YOUR INSTRUCTIONS: Quote the entries below from the line with "Belkin Gaming USB-C" through the line with "Mio Queena - Wholesale", both ends included, and only those lines.

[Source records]
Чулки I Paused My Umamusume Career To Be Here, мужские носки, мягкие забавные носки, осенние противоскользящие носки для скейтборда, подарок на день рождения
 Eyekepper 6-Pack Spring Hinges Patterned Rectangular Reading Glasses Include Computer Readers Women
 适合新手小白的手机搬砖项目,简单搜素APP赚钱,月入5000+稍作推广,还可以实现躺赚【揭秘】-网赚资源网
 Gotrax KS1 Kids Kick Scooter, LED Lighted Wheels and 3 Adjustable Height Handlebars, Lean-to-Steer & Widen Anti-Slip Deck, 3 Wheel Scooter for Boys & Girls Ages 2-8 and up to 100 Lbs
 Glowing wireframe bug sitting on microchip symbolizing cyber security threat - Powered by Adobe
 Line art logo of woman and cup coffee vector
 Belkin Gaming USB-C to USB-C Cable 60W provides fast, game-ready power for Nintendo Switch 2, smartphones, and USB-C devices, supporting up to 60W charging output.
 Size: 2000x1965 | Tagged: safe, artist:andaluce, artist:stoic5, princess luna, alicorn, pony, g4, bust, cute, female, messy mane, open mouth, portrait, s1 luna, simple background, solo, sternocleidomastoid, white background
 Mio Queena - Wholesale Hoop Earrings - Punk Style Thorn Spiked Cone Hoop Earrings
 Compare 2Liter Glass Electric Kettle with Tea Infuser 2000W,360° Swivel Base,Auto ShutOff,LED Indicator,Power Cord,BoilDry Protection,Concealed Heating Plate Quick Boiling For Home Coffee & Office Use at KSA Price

TASK RESULT:
 Belkin Gaming USB-C to USB-C Cable 60W provides fast, game-ready power for Nintendo Switch 2, smartphones, and USB-C devices, supporting up to 60W charging output.
 Size: 2000x1965 | Tagged: safe, artist:andaluce, artist:stoic5, princess luna, alicorn, pony, g4, bust, cute, female, messy mane, open mouth, portrait, s1 luna, simple background, solo, sternocleidomastoid, white background
 Mio Queena - Wholesale Hoop Earrings - Punk Style Thorn Spiked Cone Hoop Earrings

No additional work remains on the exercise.